⟨

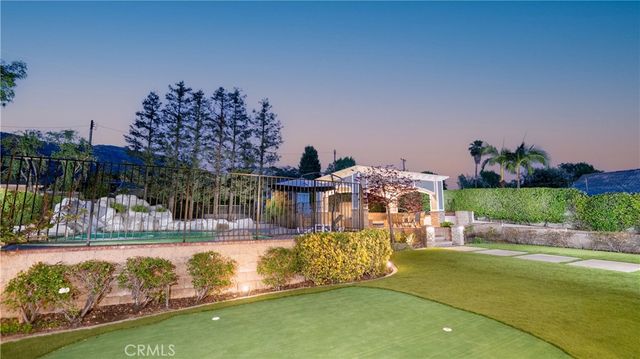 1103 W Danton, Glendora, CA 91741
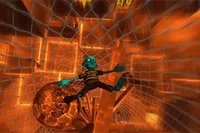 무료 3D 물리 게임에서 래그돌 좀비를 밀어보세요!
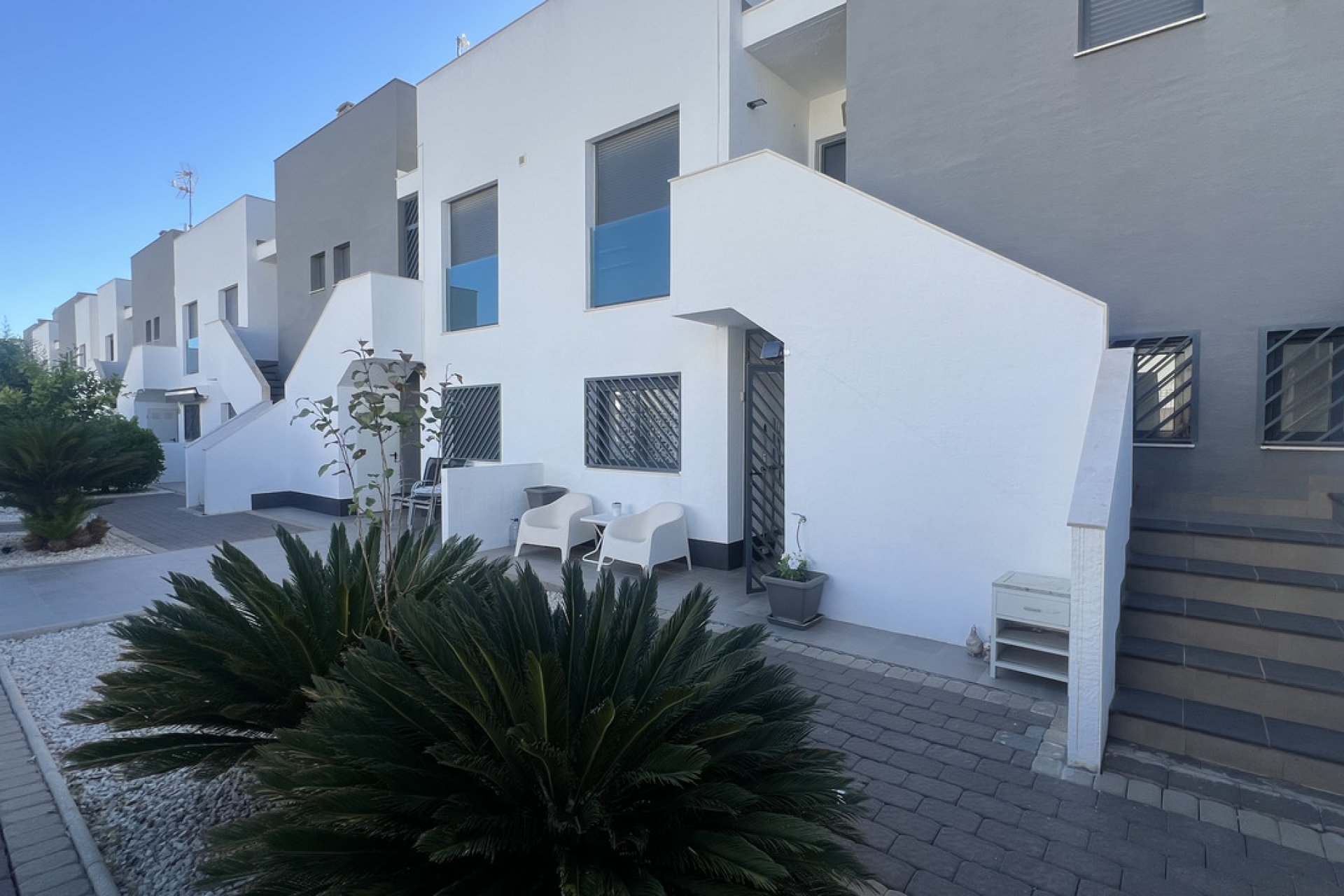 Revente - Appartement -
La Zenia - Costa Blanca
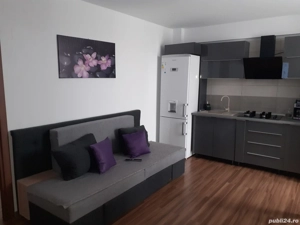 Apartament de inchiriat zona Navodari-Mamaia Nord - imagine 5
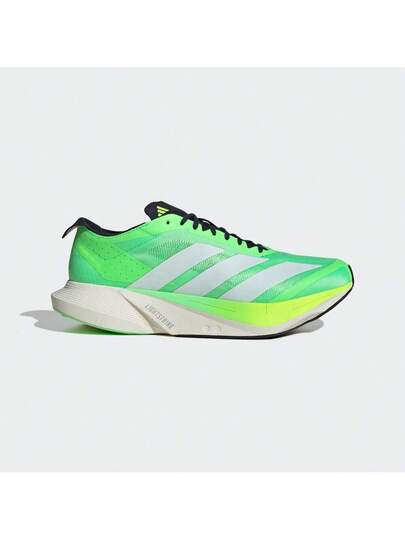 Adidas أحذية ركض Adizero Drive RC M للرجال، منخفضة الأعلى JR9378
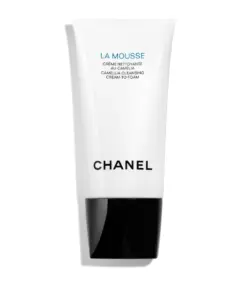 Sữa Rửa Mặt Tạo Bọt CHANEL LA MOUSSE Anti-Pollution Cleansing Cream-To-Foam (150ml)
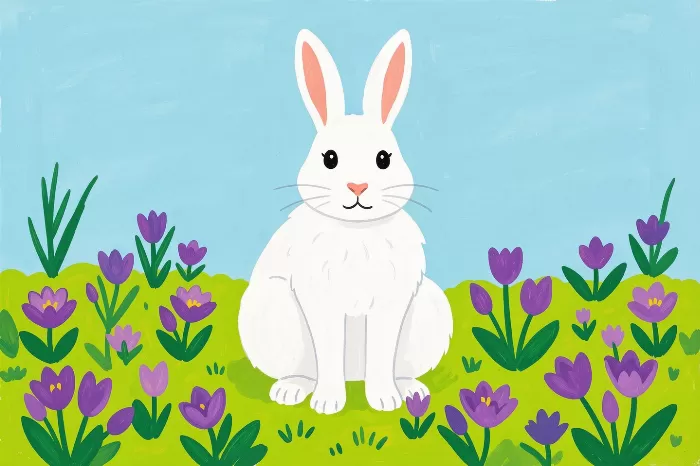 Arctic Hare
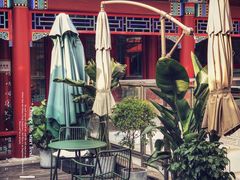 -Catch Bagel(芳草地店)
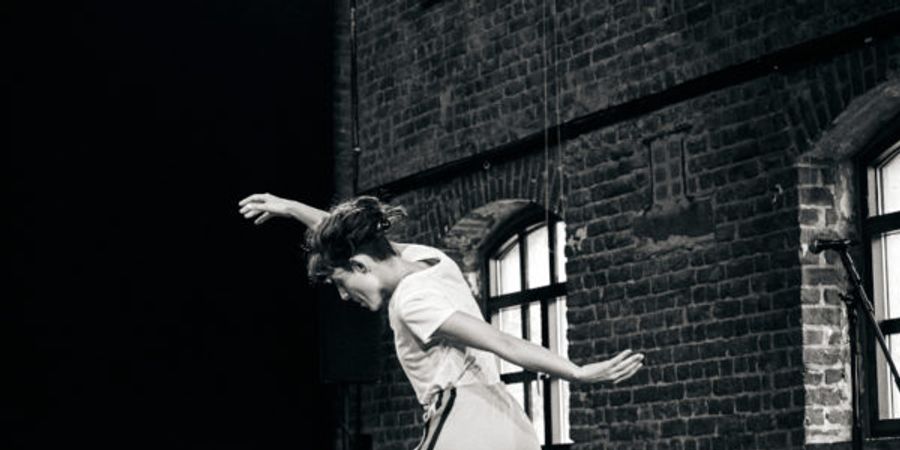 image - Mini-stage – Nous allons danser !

⟩

■ **Instructions to follow**
Go to the line containing "Arctic Hare", then write out word for word every line from there to the end of the listing. Keep both end lines and drop the pictures.

■ **Answer space**
 Arctic Hare
 -Catch Bagel(芳草地店)
 image - Mini-stage – Nous allons danser !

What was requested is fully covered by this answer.